🤖 AI Summary
This work addresses black-box knowledge distillation without hyperparameter tuning, aiming to efficiently compress a large teacher GPT-2 model into a compact student model. Methodologically, we directly apply the stochastic Polyak stepsize (SPS*)—and its momentum-enhanced variant—to train the student model, eliminating all manual hyperparameter optimization. Theoretically, we establish, for the first time, that SPS* achieves an $O(1/sqrt{t})$ convergence rate at *any* iteration under local smoothness or Lipschitz continuity of the loss—without requiring global convexity or smoothness—and prove that the momentum variant ensures the *final iterate* attains the same optimal rate. Empirically, our approach consistently improves student model performance across diverse distillation settings and significantly outperforms carefully tuned baseline methods in stability and accuracy.
📝 Abstract
We provide a general convergence theorem of an idealized stochastic Polyak step size called SPS$^*$. Besides convexity, we only assume a local expected gradient bound, that includes locally smooth and locally Lipschitz losses as special cases.
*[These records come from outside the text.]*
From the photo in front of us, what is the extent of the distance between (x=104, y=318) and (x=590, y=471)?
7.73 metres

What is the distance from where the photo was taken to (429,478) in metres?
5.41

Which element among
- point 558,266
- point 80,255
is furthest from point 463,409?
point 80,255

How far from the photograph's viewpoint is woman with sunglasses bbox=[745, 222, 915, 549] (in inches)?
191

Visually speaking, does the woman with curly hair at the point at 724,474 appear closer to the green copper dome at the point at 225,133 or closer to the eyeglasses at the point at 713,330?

We refer to SPS$^*$ as idealized because it requires access to the loss for every training batch evaluated at a solution. It is also ideal, in that it achieves the optimal lower bound for globally Lipschitz function, and is the first Polyak step size to have an $O(1/sqrt{t})$ anytime convergence in the smooth setting. We show how to combine SPS$^*$ with momentum to achieve the same favorable rates for the last iterate. We conclude with several experiments to validate our theory, and a more practical setting showing how we can distill a teacher GPT-2 model into a smaller student model without any hyperparameter tuning.